The venerable “from hell” movie subgenre (e.g., nanny from hell, secretary from hell) picks up an unlikely addition — the rental car from hell — in “Vehicle 19,” a South African-made B-grade quickie looking to cash in on a time-tested combination of elements: Paul Walker and mass automotive mayhem. Neither particularly fast nor furious, this mostly preposterous high-concept clunker (which feels padded even at barely 80 minutes sans credits) makes a pit stop in a handful of North American theaters this week en route to a July 23 homevid debut.

“Vehicle 19” turns on the modest novelty that, once Walker’s Michael Woods enters the titular Hertz minivan in the pic’s opening scene, he never leaves. Nor does director Mukunda Michael Dewil’s camera, making this something like the “Cosmopolis” of car-chase movies, though Dewil (a veteran commercials helmer) proves less adept than David Cronenberg at continually reinventing his claustrophobic locale. Instead, he mostly slams the camera so close to his star’s face that we can practically count the pieces of stubble.

Woods has traveled to Johannesburg, breaking his parole in the process, to attempt a reconciliation with his ex-wife (Leyla Haidarian), an embassy employee. A brief phone call between the two early on suggests a fraught backstory, including not only Michael’s prison sentence, but a history of alcoholism and a generally high aptitude for bad decision making. Then another phone — a Blackberry stashed in the minivan’s glovebox — starts spewing forth cryptic messages about some kind of an assignment. And when Michael reaches under the driver’s seat, it’s not an empty Cheetos bag he finds there, but rather a handgun complete with silencer. By which point, it’s obvious he got some kind of upgrade at the rental counter he definitely didn’t ask for.

“Vehicle 19” plays rather fast and loose with logic from there. Taking a page from the Larry Cohen-scripted “Phone Booth” and “Cellular,” the pic’s first act has Michael receiving orders from a mysterious voice at the other end of that Blackberry, a Joburg detective (Gys de Villiers) who claims Michael has accidentally stumbled into an undercover police sting and needs to swap out his car immediately. But news reports and flyers concerning the recent disappearance of a federal prosecutor suggest that something else is afoot — a suspicion concerned when Michael stops short and said prosecutor (Naima McLean) tumbles, bound and gagged, from the trunk into his backseat.

Dewil (who also scripted) is clearly a fan of such classic wronged-man noirs as “D.O.A.” and “The 39 Steps,” which “Vehicle 19” echoes in spirit if not in narrative or visual craftsmanship. The screenplay labors to convince us that Michael has nowhere to turn — not even to his own ex-wife — because the police can’t be trusted and his own criminal record tarnishes his credibility. Meanwhile, Rachel the prosecutor says there’s only one judge in the whole country she trusts with her testimony — a judge who, conveniently for most of the pic’s running time, proves unreachable by phone until the very moment that Michael’s battery is dying.

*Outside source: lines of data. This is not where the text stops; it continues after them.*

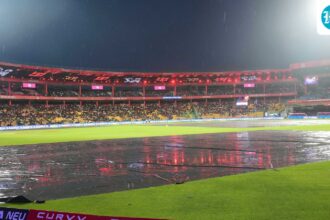 bengaluru-canteen-worker-arrested-for-selling-181-ipl-tickets-on-black-market-amounting-to-rs-19,000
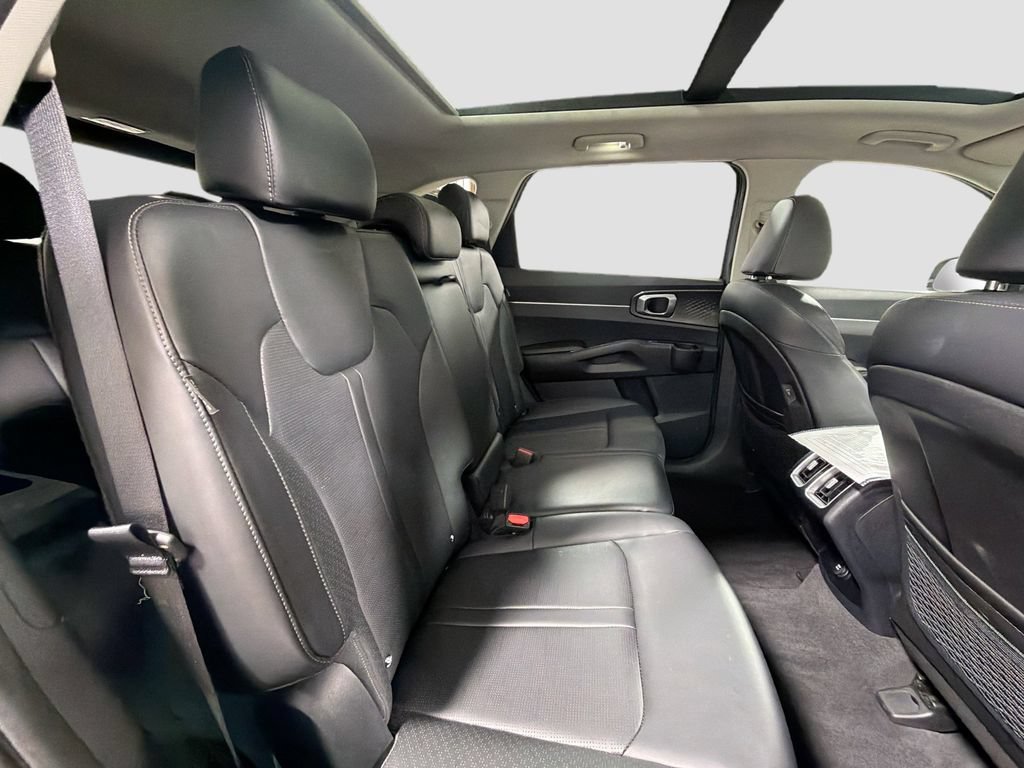 Used 2024 Kia Sorento S w/ Panoramic Sunroof Package FWD image 31
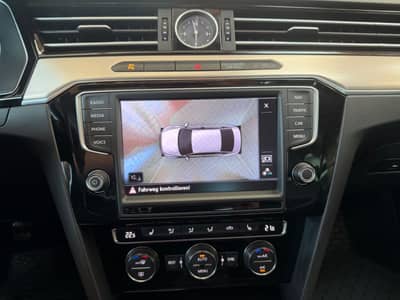 Volkswagen Passat Lim. Highline 2.0TDI LED 360KAM ACC — slika 19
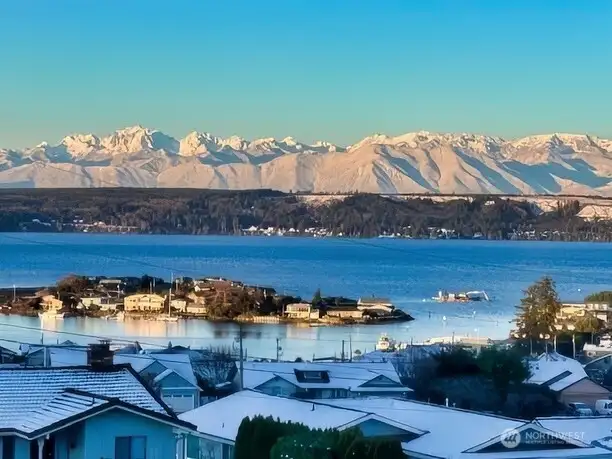 The magic of a new dusting of snow on the Olympics should be one of the 7 Wonders of the World. Just spectacular.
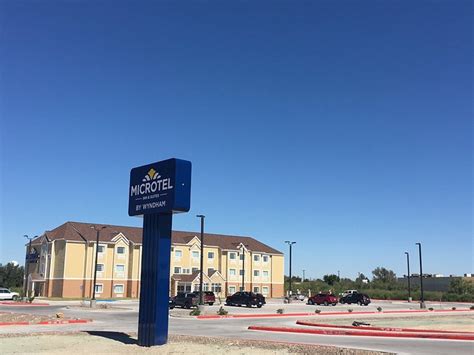 hotel monahans tx  See 40 traveler reviews, 49 candid photos, and great deals for Comfort Inn & Suites Monahans, ranked #10 of 15 hotels in Monahans and rated 3 of 5 at Tripadvisor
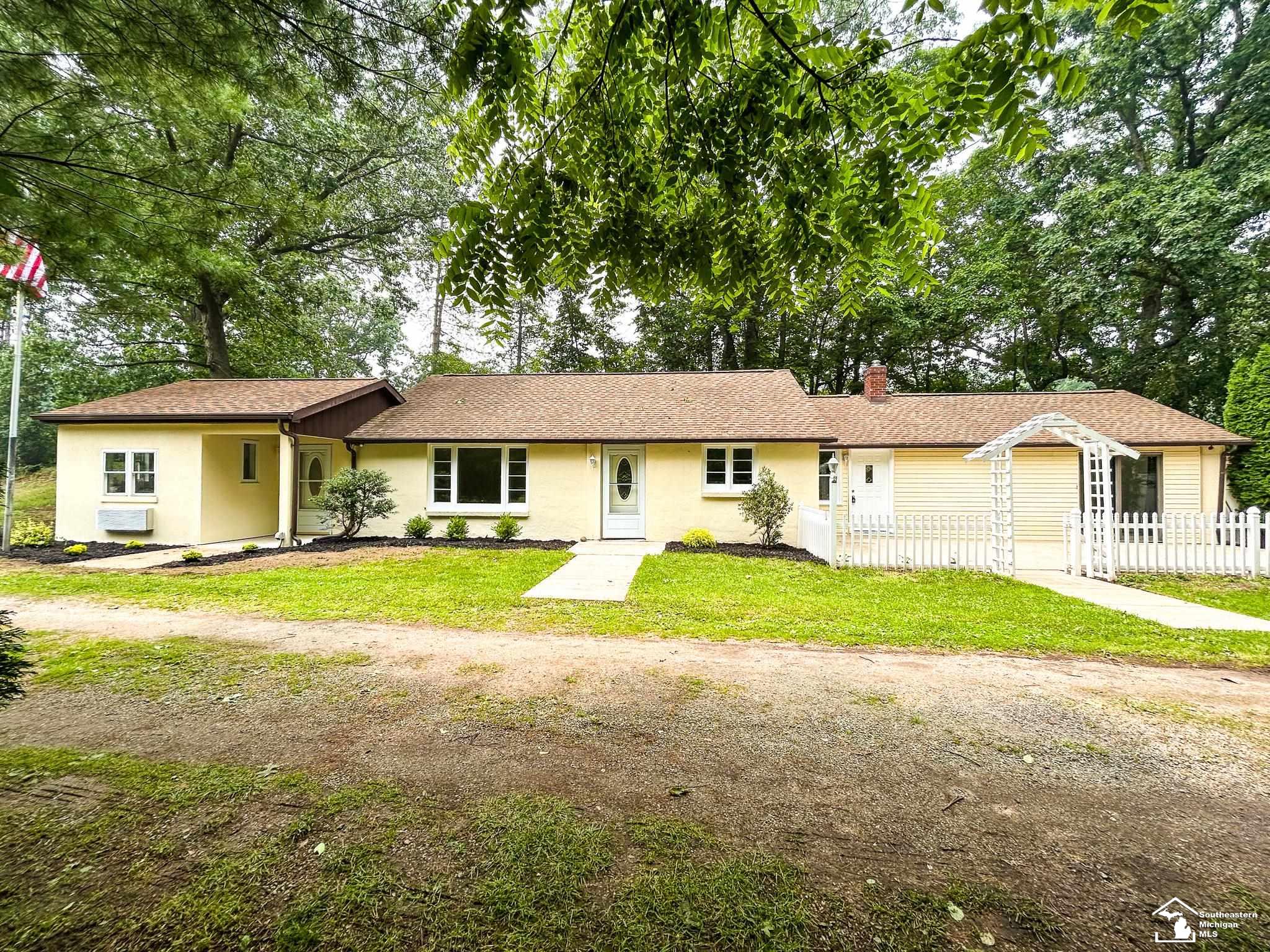 2980 West Sterns Road Lambertville, MI 48144 - Photo 1 of 79 50113784.JPG
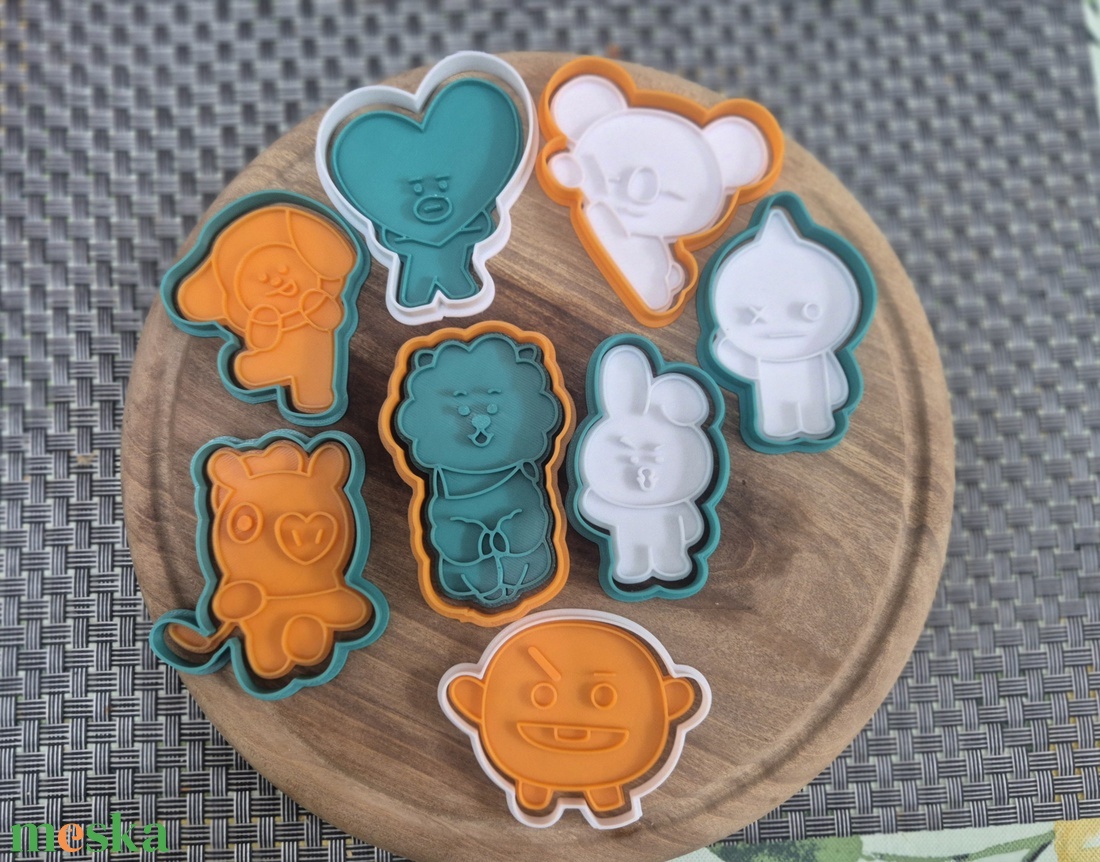 BTS sütikiszúró szett  - otthon & életmód - konyhafelszerelés, tálalás - sütés, főzés - sütikiszúró - Meska.hu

None of it is especially convincing, though you wouldn’t have as much time to study the plot holes if “Vehicle 19” were more of a taut, race-against-the-clock thriller. But Dewil opts for a moodier touch, perhaps reaching for the existential vibe of a “Two Lane Blacktop” or “Drive,” with Michael occasionally putting pedal to the metal, but just as often looping around aimlessly, plotting his next move. In one needless longueur, he hits up some roadside graffiti artists to give his ride a new paint job; in another, at what should arguably be the pic’s height of dramatic tension, he ducks the authorities in what seems like the world’s slowest car wash.

That the movie manages to stay even modestly involving is a testament to Walker, who’s never going to win awards for his acting, but who has grown into a more comfortable, charismatic screen presence over time, especially as his once-gleaming baby-faced looks have given way to a weary, leathery gruffness.

Pic tries but never quite succeeds at concealing its budgetary restrictions, particularly in some conspicuously low-res CG effects that appear during Michael’s climactic race to the steps of the Joburg courthouse.